Notre Association s’alarme donc non seulement de l’absence de neutralité de la CNIL, mais même au contraire d’un parti pris clairement affiché et assumé, contraire aux missions même de la CNIL de défendre les Personnes Concernées et de garantir un haut niveau de protection de leurs données à caractère personnel et de leur droit à la vie privée.
Ce type de collusion avait déjà été remonté à plusieurs reprises, jusqu’à l’apothéose où la CNIL travaillait directement avec l’un des plus gros trafiquants de données à caractère personnel en France, Valiuz, alors qu’elle était dans le même temps saisie d’un nombre important de signalements concernant les violations mises-en-œuvre à une échelle industrielle par cette société. La CNIL ne changera pas ses pratiques et au contraire trouvera des sénateurs pour faire modifier la loi et ne plus avoir à communiquer sur ces « accompagnements », tout en ne sanctionnant jamais les manquements de Valiuz.
La CNIL va jusqu’à mener des « concertations » privées, par exemple avec l’Alliance du Commerce, la Fédération Nationale de la Presse d’information Spécialisée, ou Alliance Digitale. Concertations dont personne ne semble avoir publiquement connaissance sinon des entités hautement en conflit d’intérêt.
L’objectif de ces rencontres a même explicitement et officiellement vocation à contourner des positions claires du CEPD sur l’illicéité des traitements en question, quitte à mentir ensuite aux Personnes Concernées et aux Responsables de Traitement en prétextant des travaux inexistants du CEPD.
Lorsque notre Association a demandé à de nombreuses reprises à pouvoir participer à ces échanges informels et privés de la CNIL, son directeur de l’accompagnement juridique nous a informé que les participants était « invités » par elle « en fonction de l’objet de chaque concertation » et qu’elle « devait limiter le nombre d’acteurs sollicités afin d’assurer la bonne tenue et l’efficacité des débats ». Le fait que seuls des lobbies de la publicité et du marketing semblent avoir été conviés à ce type de concertations en dit long sur les priorités d’invitation par la CNIL. Si vous représentez les Personnes Concernées, vous êtes manifestement dans le bas de la pile.
Sur une question aussi sensible que les liens traçants dans les emails, pourtant explicitement interdits sans consentement par le CEPD, il ne semble en tout cas qu’aucun représentant de la société civile n’ait été convié, malgré l’existence de personnes compétentes facilement identifiables par la CNIL puisque responsables de dizaines de plaintes pour ce motif auprès de notre Autorité de Contrôle.
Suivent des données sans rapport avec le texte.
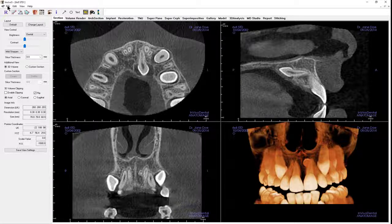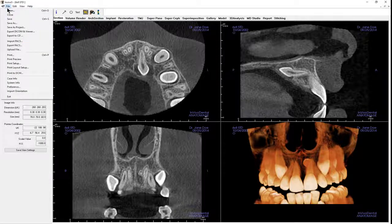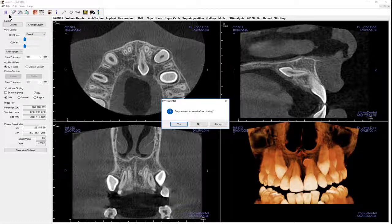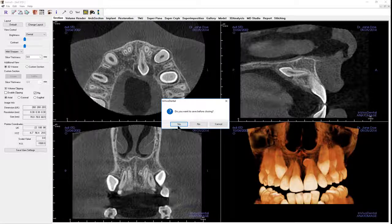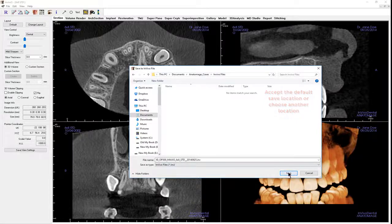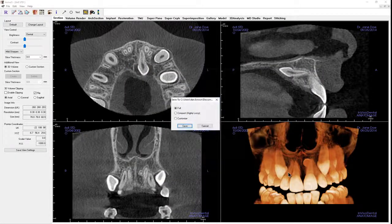After looking at a scan in in vivo and before it is closed, you will be asked if you want to save any changes that have been made. If you select no, a new file will not be created and any changes made will not be saved. If you would like to save the file, select yes, select a save location, and generally accept full or uncompressed.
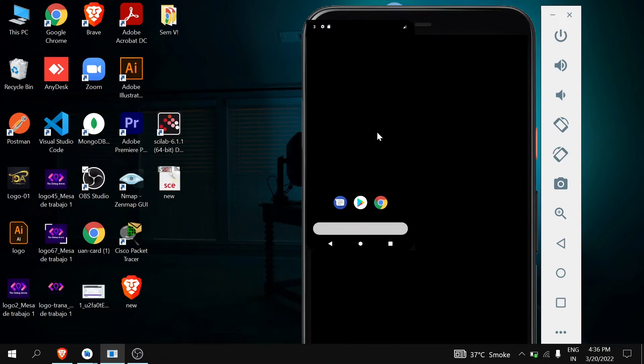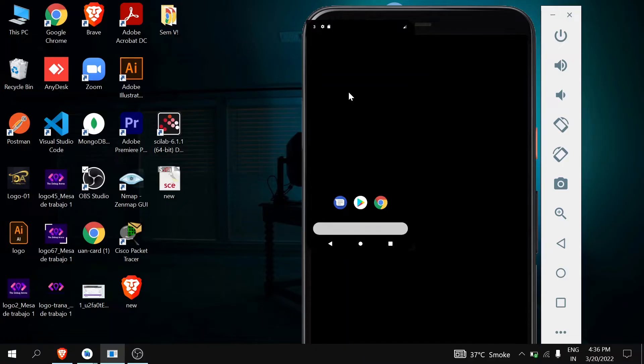Hello guys, welcome to the Debug Arena. In this video, we're going to see how to fix this issue. As you can see, this Android emulator is looking very big and not fitting its size.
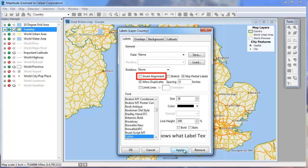However, you can also choose the Smart Alignment option. This tells MapTitude to try and fit the area's label somewhere in the visible portion of the map. Now notice when I click Apply that Ireland will be labeled, as will France in the lower right.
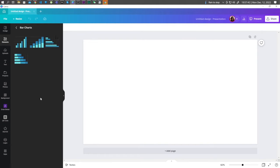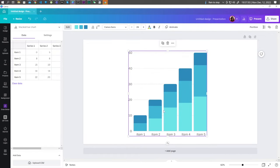So for this example, let's go ahead and choose this one. Now here, you can enter your data.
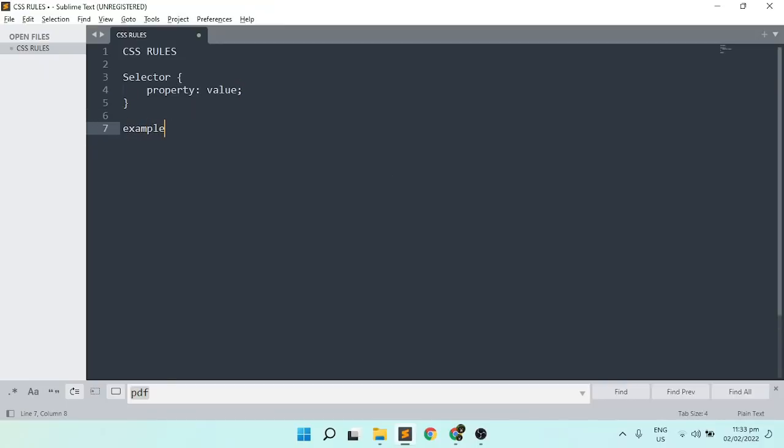For this example, h1 is a selector, the color is the property, and the value is the specific color that we set.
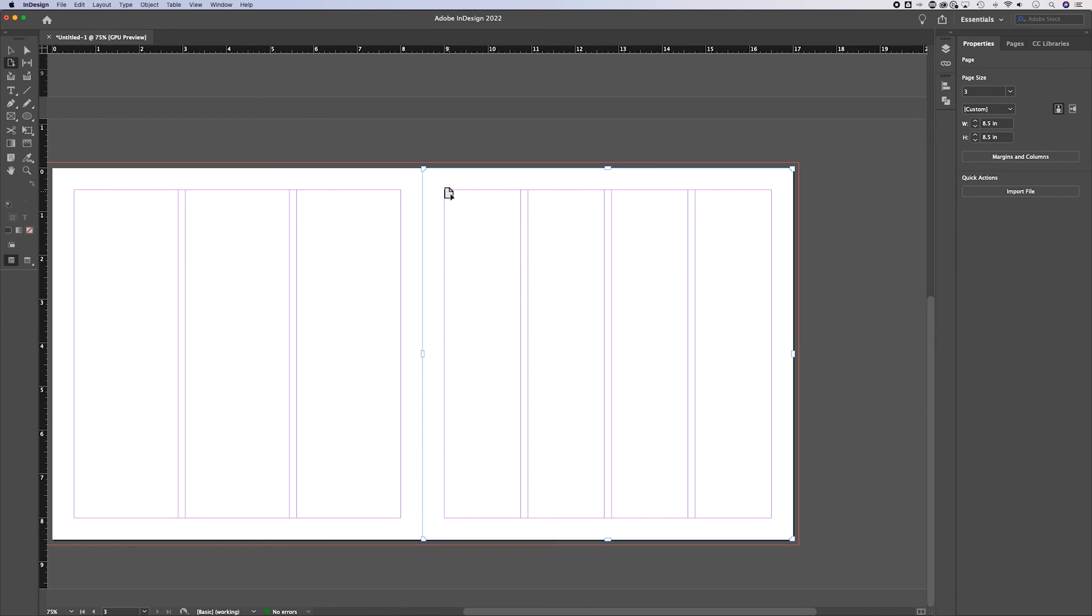This is something that I didn't know as a beginner in InDesign. And once I figured it out, it made creating things like brochures much easier when you have to create one section that's just a little shorter than the rest. And that's how you can change page sizes here in Adobe InDesign. Let me know if you have any questions down below and I'll see you guys in the next one.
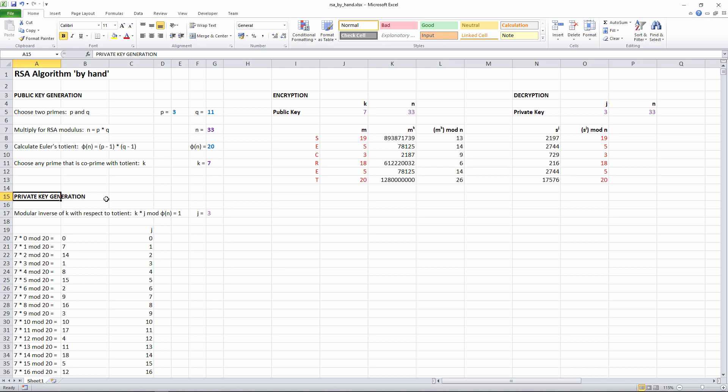K times J mod the totient equals 1. We know the value of K, 7, and we know the value of the totient, 20. But because we're using modulo arithmetic, we can't simply rearrange this equation to make J the subject. One way to solve it is by using something called the extended Euclidean algorithm. But this is fairly advanced mathematics, and I don't want to go into it here. However, because the numbers are so small in this example, we can simply try different values of J, ranging from 0 up to the totient, until we find the value of J that makes this equation true.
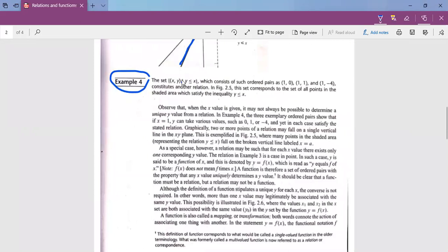Now consider Example 4, where we have a set of X, Y such that Y is less than or equal to X. If we have a value of X, then Y would be equal to X, or Y would be 0, or Y could take values less than X. We can see how that relationship between Y and X can be handled.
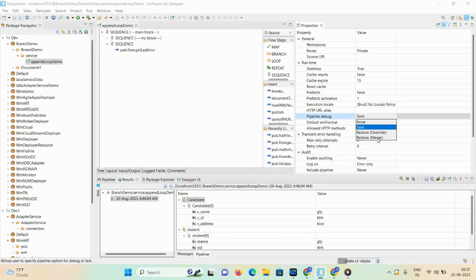If you set the pipeline debug property as Save, the integration server saves the entire content — whatever operations are performed in the backend — the entire content of the pipeline to a file, just before the service executes. You can use this saved pipeline file to debug and troubleshoot services, or to restore the pipeline. So with the Save option, integration server saves the pipeline to a file before the service executes.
Une autre publication a particulièrement attiré notre attention.
Celle-ci soulève qu’il s’agit de rencontres planifiées et régulières, ici au moins semestrielles. Une telle porosité de la CNIL par des lobbies n’est manifestement pas compatible avec a minima la neutralité à laquelle la CNIL est supposée s’astreindre, mais encore plus avec la mission principale de la CNIL qui reste de défendre les droits des Personnes Concernées, et non ceux des Responsables de Traitement. Il est aussi incompréhensible qu’avec des rencontres aussi fréquentes aucune avancée n’ait été constatée en 8 ans. Les entités en question violant toujours frontalement le RGPD sur des sujets pourtant importants et faisant l’objet d’une jurisprudence constante (dépôt de cookie sans consentement, bannières cookies déceptives, prospection commerciale sans consentement…) voire de décisions importantes intervenues entre temps.
Comme présenté déjà dans notre lettre ouverte, nous ne comprenons pas qu’aucune sanction n’ait encore été réellement rendue sur ces sujets alors que la CNIL ne peut pas ignorer les manquements de responsable de traitement qu’elle rencontre plusieurs dizaines de fois par an. Ou plutôt si. Nous le comprenons fort bien…
Le même problème de dédain des Personnes Concernées se retrouve dans les journées RGPD organisées par la CNIL.
Y est invité le DPO de France Travail concerné par une fuite de données monumentale et ayant donc manifestement échouer à mettre en conformité son Responsable de Traitement, étant aussi incapable de répondre en plus de 10 mois à des demandes d’accès dont notre Association a connaissance, manquements dont la CNIL est elle-même saisie aux travers de réclamations et pour lesquelles elle a déjà prononcé de multiples sanctions et rappels à la loi, toujours non suivis d’effets.
Il est aussi intéressant de noter le vocabulaire employé par la CNIL dans ses communications publiques.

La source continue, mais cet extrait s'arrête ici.